Eddie Gottlieb offered Wilt more than $25,000 to join the NBA right then, which would have made him the highest-paid player in the league, but Gottlieb couldn’t convince the NBA to grant a waiver to Wilt on its underclassman rule as a hardship case.

So Gottlieb called Abe Saperstein. Abe was a stockholder in the Warriors and had been friends with Gottlieb since the 1930s, when they both started promoting Negro League baseball. Gottlieb also booked Trotters games on the East Coast and often accompanied the Trotters on their European tours. According to Gottlieb, he explained the roadblock with Chamberlain and the NBA, and suggested that Abe try to sign Wilt to play with the Trotters for one year, after which he would come to the Warriors. It would be a beneficial deal for both of them. Abe agreed to try.

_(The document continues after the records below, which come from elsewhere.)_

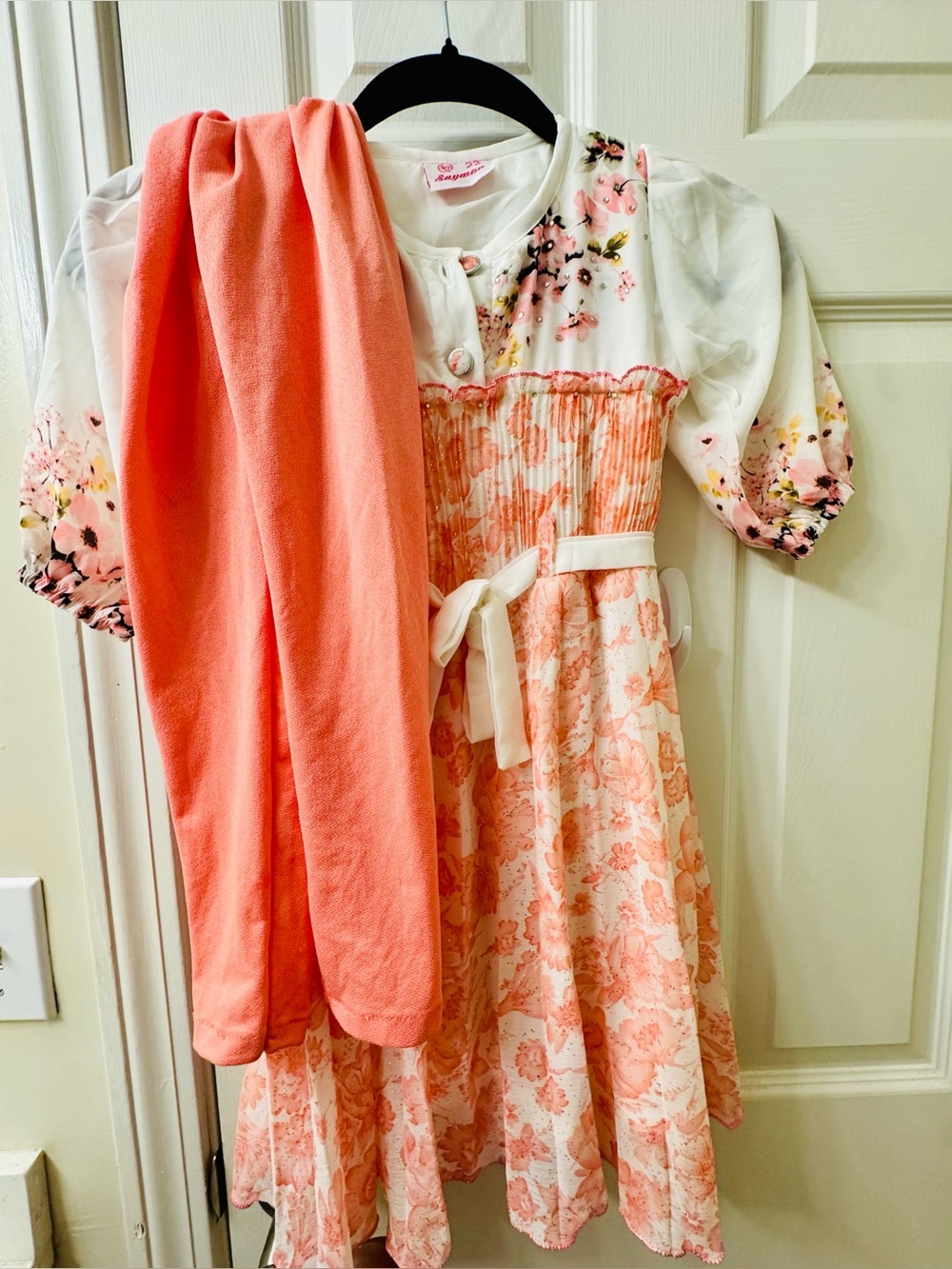 Girls' Floral Coral & White Dress with Coral Leggings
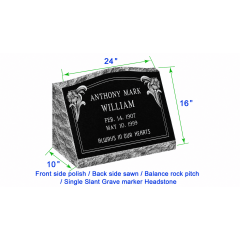 M104 Flat Single Slant Marker Headstone 24"x10"x16" P1BRP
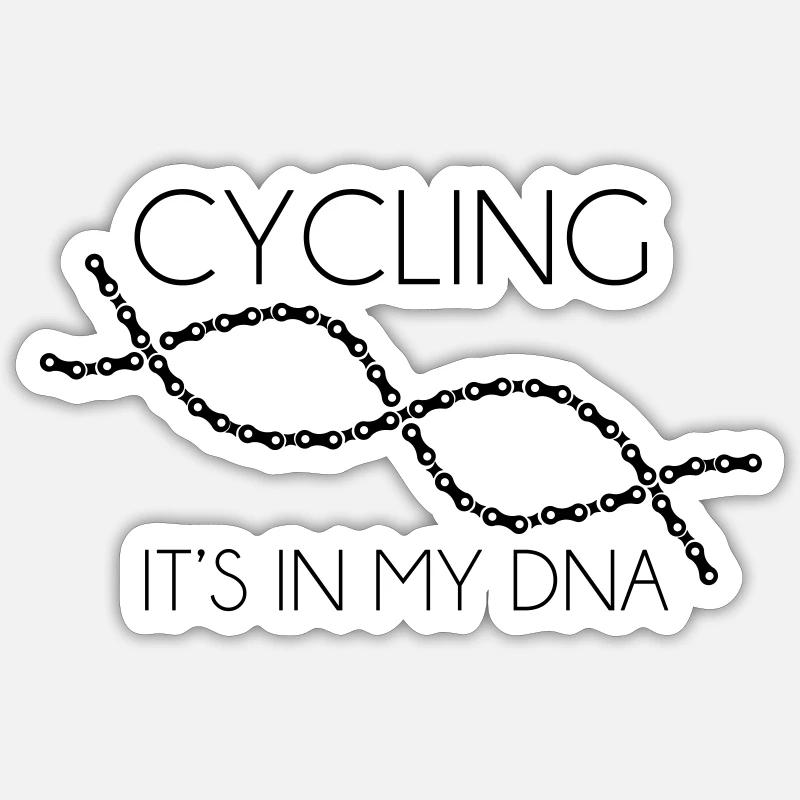 ADN de cyclisme - Sticker taille S (10 x 10 cm) - blanc mat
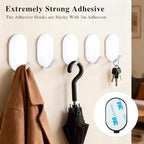 Sticky Adhesive Hooks for Hanging, Key Hooks, Stainless Steel Wall Hooks - Image 2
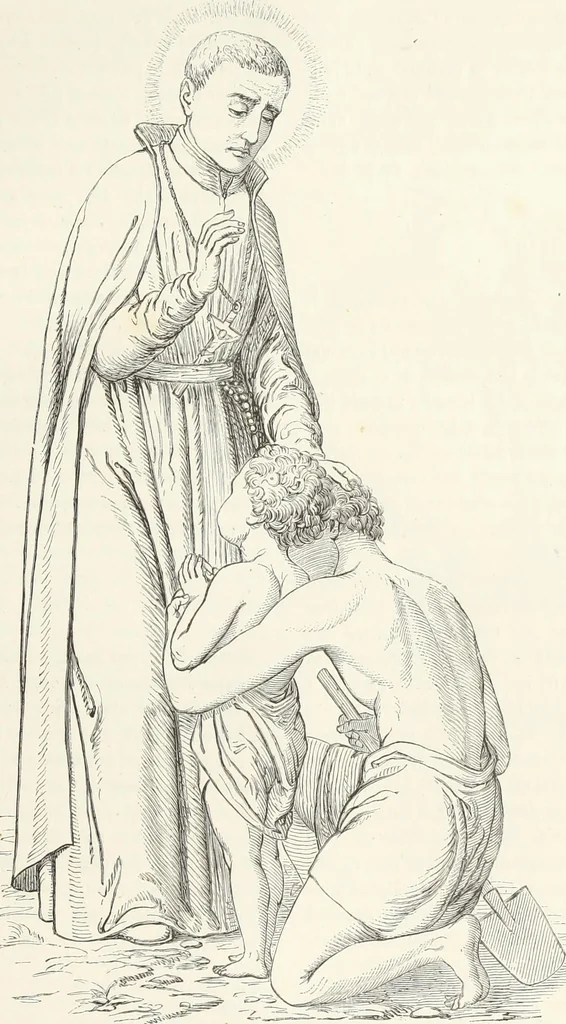 An illustration from Caractâeristiques des saints dans l'art populaire, 1867, leaf 138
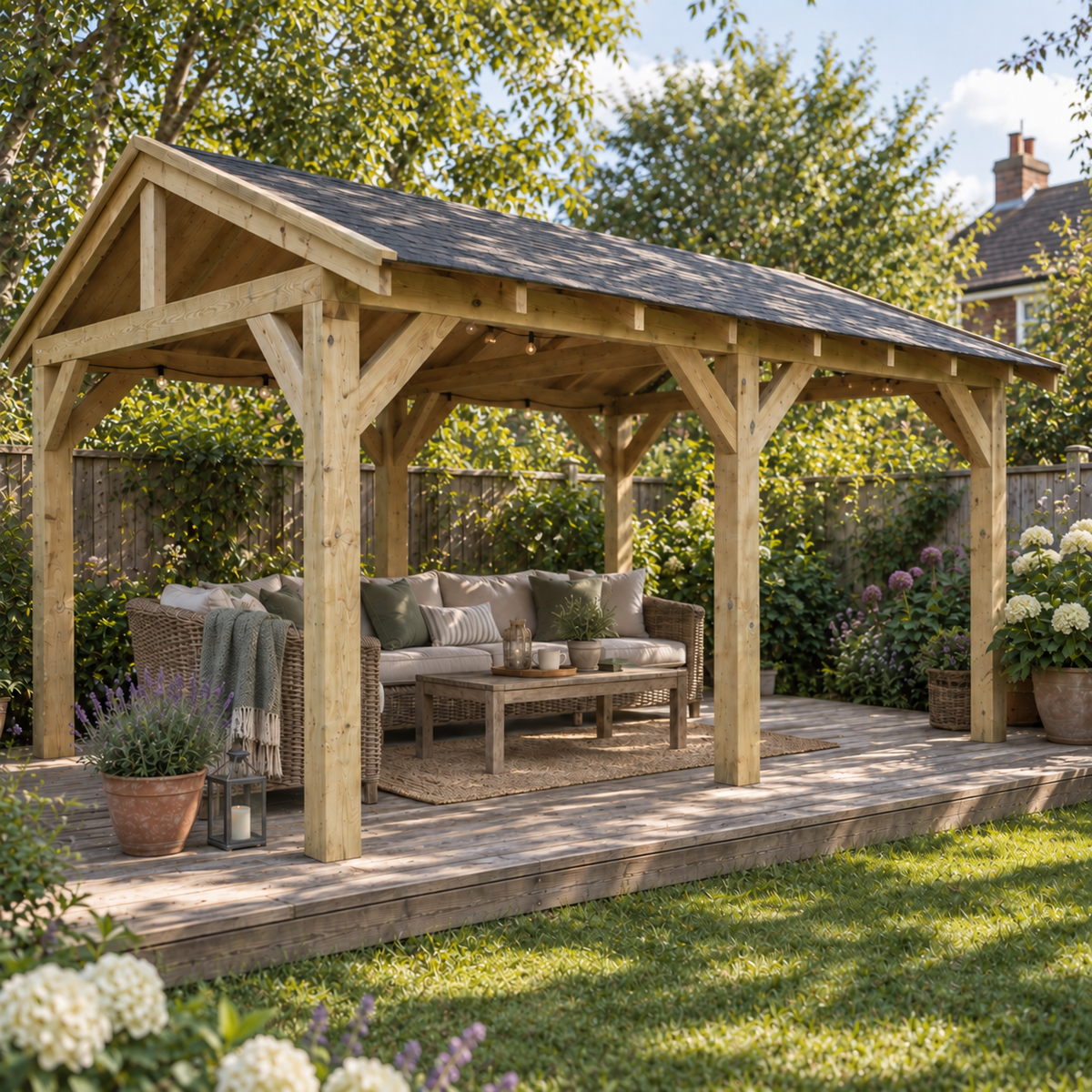 Heavy Duty Wooden Gazebo onto UK garden wooden deck and rattan furniture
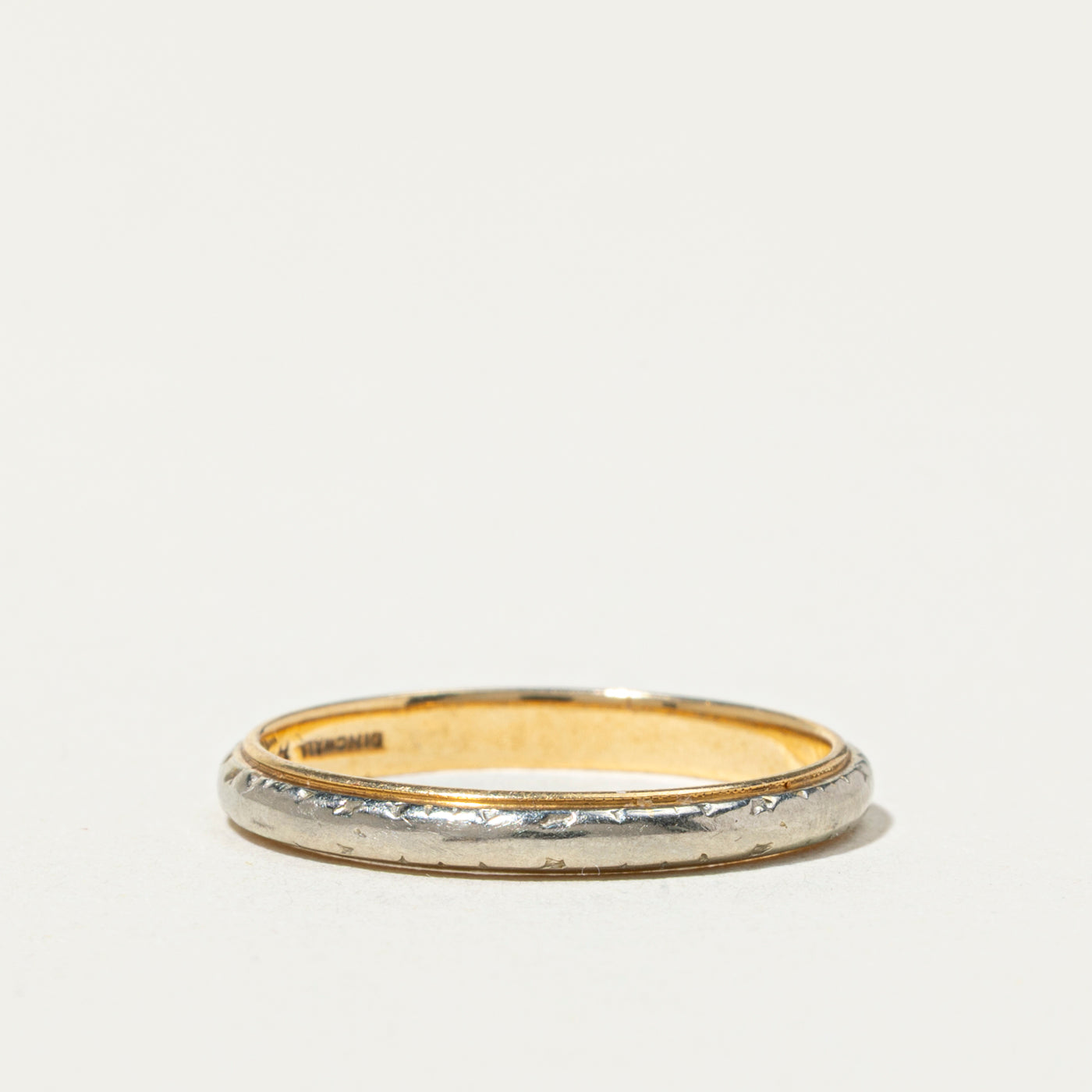 18k Two Tone Gold Engraved Band | 2mm | SZ 7.25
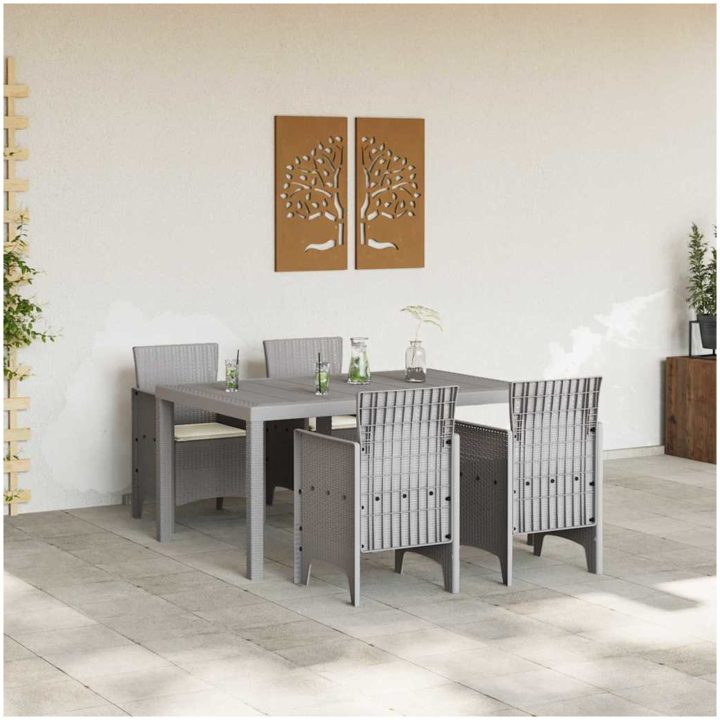 Trädgårdsmatset 5 pcs Ljusgrå Polypropylen vidaXL 150 x 100 x 73 cm – bild 3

Abe had a lot riding on signing Wilt. Two years earlier, he had made an all-out run at signing Bill Russell, who had led the University of San Francisco to two straight national titles. Abe had started courting Russell when he was a sophomore, and by March of his senior year, Abe was telling the San Francisco papers that he would offer Russell $10,000 to sign with the Trotters. Then, as Abe was wont to do, the salary figure kept creeping higher in the press: first $20,000, and eventually $30,000.
*
When USF came to Chicago to play in a tournament, Abe invited Russell to come to his office for their first face-to-face meeting. According to Russell, Abe made his
sales pitch about joining the Globetrotters, but Russell was noncommittal. So Abe opened his desk drawer and pulled out a packet of pornographic pictures. “If you sign with the Globetrotters,” he said, “you can have all this and more.”

Russell was repulsed. As he described his reaction in his autobiography: “Is this what he thinks Negroes are?” Unfazed, Abe continued expounding on the “social advantages” of being a Globetrotter, then suggested that they meet later that day at Russell’s hotel, with his USF coach in attendance “to keep everything on the up and up.” But when Abe arrived (along with Harry Hannin), he talked only to USF coach Phil Woolpert, who was white, and completely ignored Russell, who was sitting on the couch being bombarded by Harry Hannin’s jokes. For Russell, a proud, outspoken man, that was the final insult. He decided that if Abe considered him too dumb to talk to, then he was too smart to play for Abe.

Abe’s disastrous courting of Russell was a metaphor for the clash between the old and the new—between the old-school sports mogul and the young, strong-willed “New Negro.” Abe probably thought he was doing the “boy” a favor, talking money to his coach, who could help Russell make the right decision. But Russell would make his own decisions, then and always. And when Abe offered only $17,000, Russell realized that he would have to play year-round to earn that much, compared with the NBA’s five-month schedule. That fall, Russell signed with the Boston Celtics and led them to eleven NBA championships.

Abe had lost the best player in the country in 1956, but now he had a second chance to sign the best player in the country in 1958. And where Russell was known primarily as a defensive specialist, Wilt Chamberlain was an offensive scoring machine and would be much more of a drawing card.